MATERIAL SUPPLIED:
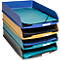Stapel van veelkleurige trays met papieren. Blauwe, gele, turquoise en zwarte trays gevuld met documenten. Elke tray heeft een naamlabel.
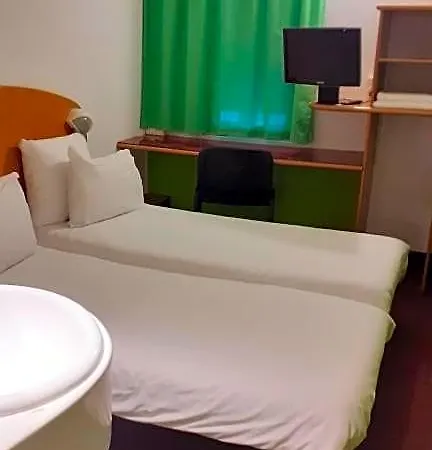 南特堡茹宫快捷酒店 酒店 5*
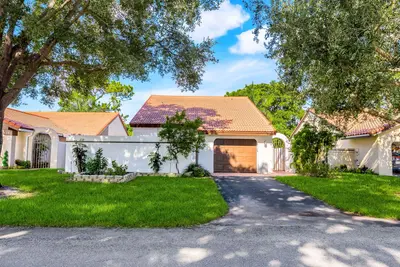 1150 NW 22ND Avenue, Delray Beach – Single Family Residence for sale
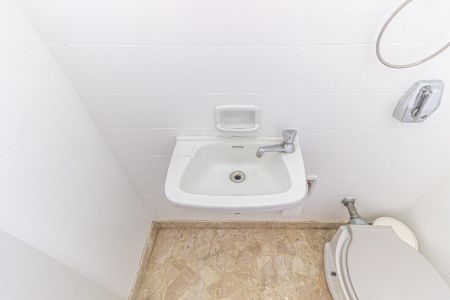 Casa à venda com 230m², 3 quartos e 2 vagas Casa à venda com 230m², 3 quartos e 2 vagasBanheiro de Serviço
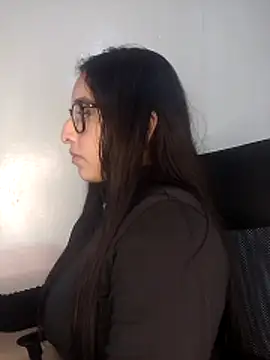 kira-stormm online show from 25, 5, 2026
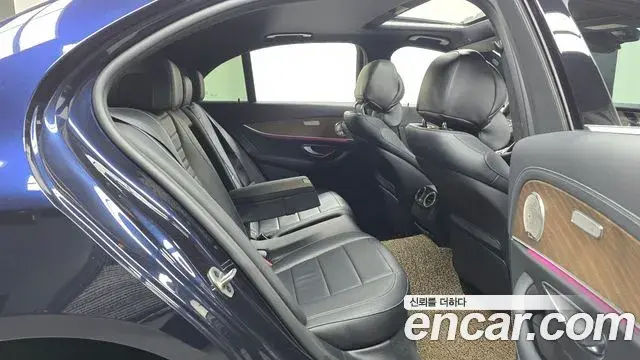 Mercedes-Benz E-Class 2022 — Фото 12/20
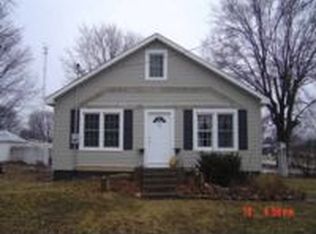 434 W Chestnut St, Oneida, IL 61467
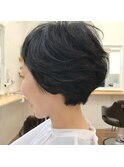 ショートボブ
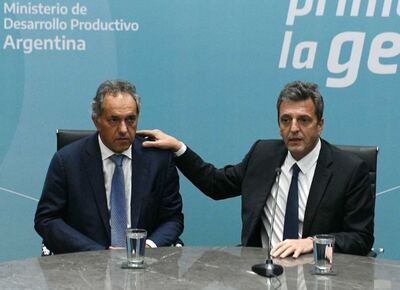 Una mano para lavar la otra: Scioli y Massa observan el peronismo residual y buscarían pisar fuerte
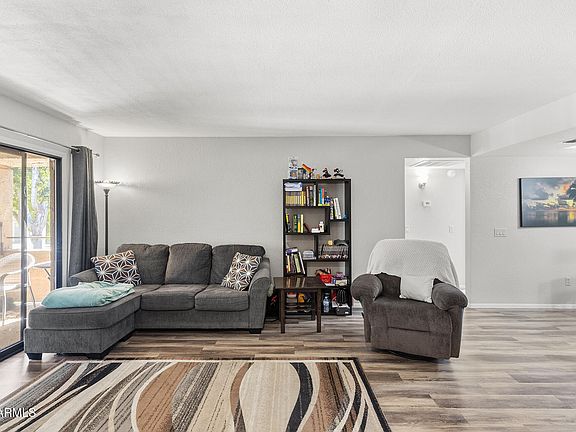 3rd image of 2146 W ISABELLA Avenue #215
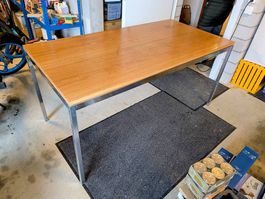 Bürotisch gratis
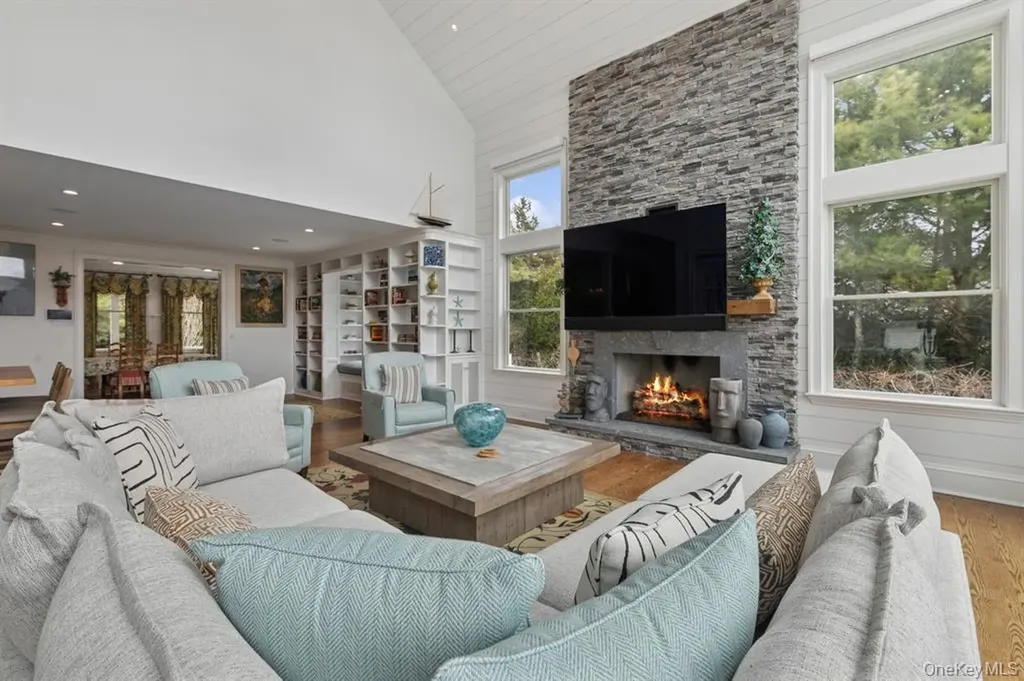 15 Carter Road Hampton Bays NY 11946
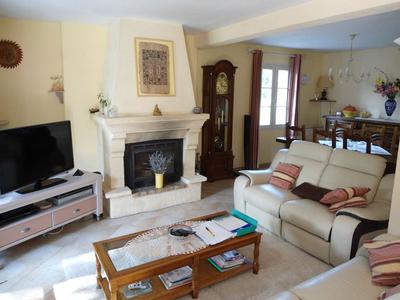 Maison traditionnelle - 126 m² - 6 pièces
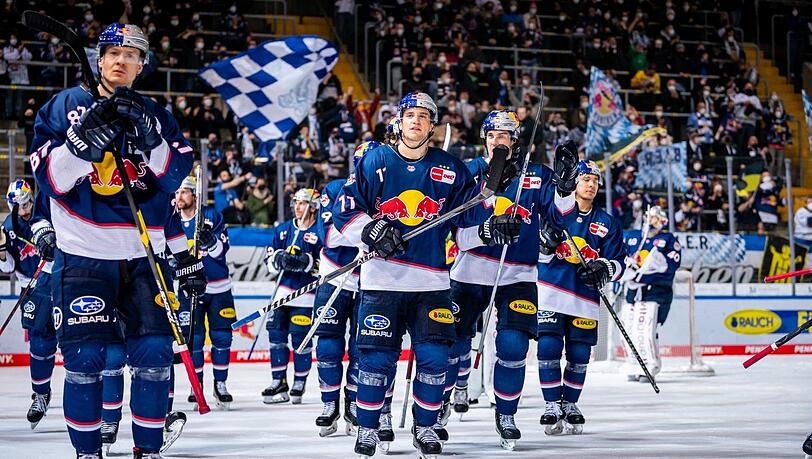 Sieg, Heimrecht in der ersten Playoff-Runde, Quali für die Champions League: Der EHC feiert.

TRY IT: Please provide a faithful transcription of all the data, pictures excluded.

RESULT BELOW:
Stapel van veelkleurige trays met papieren. Blauwe, gele, turquoise en zwarte trays gevuld met documenten. Elke tray heeft een naamlabel.
 南特堡茹宫快捷酒店 酒店 5*
 1150 NW 22ND Avenue, Delray Beach – Single Family Residence for sale
 Casa à venda com 230m², 3 quartos e 2 vagas Casa à venda com 230m², 3 quartos e 2 vagasBanheiro de Serviço
 kira-stormm online show from 25, 5, 2026
 Mercedes-Benz E-Class 2022 — Фото 12/20
 434 W Chestnut St, Oneida, IL 61467
 ショートボブ
 Una mano para lavar la otra: Scioli y Massa observan el peronismo residual y buscarían pisar fuerte
 3rd image of 2146 W ISABELLA Avenue #215
 Bürotisch gratis
 15 Carter Road Hampton Bays NY 11946
 Maison traditionnelle - 126 m² - 6 pièces
 Sieg, Heimrecht in der ersten Playoff-Runde, Quali für die Champions League: Der EHC feiert.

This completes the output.